Blog‎ > ‎

Unique ID, Sanity Checks, I/O Latency (Ceph), Yuan/SDR, Databases and locking

posted Nov 19, 2016, 10:12 PM by Sami Lehtinen   [ updated Nov 19, 2016, 10:13 PM ]
  • It's wonderful how people refuse to realize the facts. One again had very long call about identifying transactions, without unique identifier. I think it's totally insane to try to process data in global systems with some random crap identifiers. The only way to make it work, is to use solid unique identifiers. To be honest, this is topic which has been no discussed for several years. Secondary issue is also the user experience. Current operators in the field with their legacy software and bad processes usually cause delay of hours to days in data processing. They're totally not prepared for real time processing and everything is based on decades old technology. This is prefect example why some times it would be much better to clear the desk and throw out the old junk. Building new system from scratch would be much easier than trying to add new flashy features to extremely old technology which nobody wants to maintain / modify. 
  • Tutanota 2.11 finally allows viewing of HTTP headers, that's awesome. It was one of the reasons why I really didn't like their service at all.
  • N+2 won't help anything at all, if the systems are seriously misconfigured. There are just so many different failure vectors. Is there automatic protection against misconfiguration? Something like unit tests, checking if system will be functional with new configuration? That's a good question. - This is related to the previous Admin Post / DNS issues. But also a generic question. Why does system accept a configuration, which is clearly insane and would crash everything? How about doing some sanity checks?
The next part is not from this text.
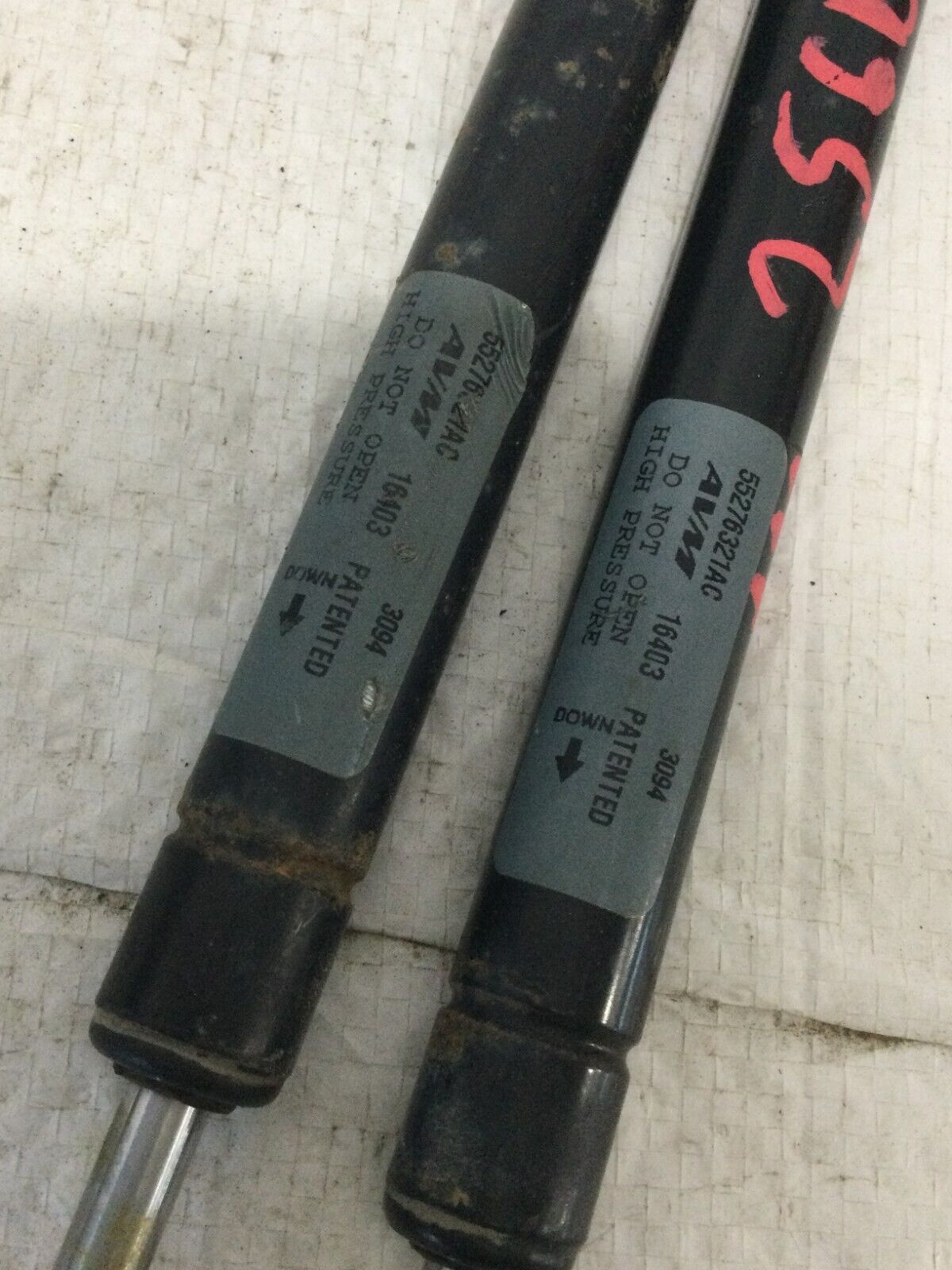 2004-2007 Dodge Ram 1500 2500 3500 Hood Shock Strut Set OEM 55276321AC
  • Just wondering why DNS server is configured to Server: 127.0.1.1 until I run sudo dhclient and after that it shows the stuff in dhclient.conf. Interesting. I guess that's something what's also obvious if you just know what you're doing. I clearly don't.
  • Worked with HD Tune, bonnie++ and fio to check out some disk system performance issues. Results are still bit unclear, but I'll try to get more analytics. Problem is the usual case, users claim system is slow, I can see that disk I/O is maxed all the time, but system administration claims that there's nothing wrong with the system or the performance. Sigh. I hate being in this position, but this is all too common. It's almost always like this. Nobody ever says oh yeah, it sucks, I'll fix it. Instead they'll spent two weeks working on reasons why not to do days work. If I can collect some data I can publish suitably so it won't annoy anyone too much, I'll do it. It seems that most tests write and read data repeatedly. Which is very bad if your performance problem is caused by tiered storages random cold reads. Naturally the problem doesn't ever exist when you do the tests, because the tests do not test for that particular case. With HD Tune you can get results if you run it on freshly booted server without any other tasks causing data to be cached and let the backend systems 'cool down' for enough. I think I'll get some results if I'll simply dd whole drive to null, that forces also the areas of disk to be read which aren't being commonly read. In some cases the I/O latency times for these cold data hits are in tens of seconds. - Some tests reveal that empty areas on disk are read much faster than the areas containing data. - As well as disk system jitter his huge at times: lat (msec) : 100=2.75%, 250=0.96%, 500=0.13%, 750=0.02%, 1000=0.01%, 2000=0.05%, >=2000=0.07% - If you happen to hit a few of those over 2k in row, it's going to be a bad day, this is exactly the problem what I were complaining about. Disk I/O can stall for several seconds or even tens of seconds suddenly.  Storage is backed by Ceph Block Storage.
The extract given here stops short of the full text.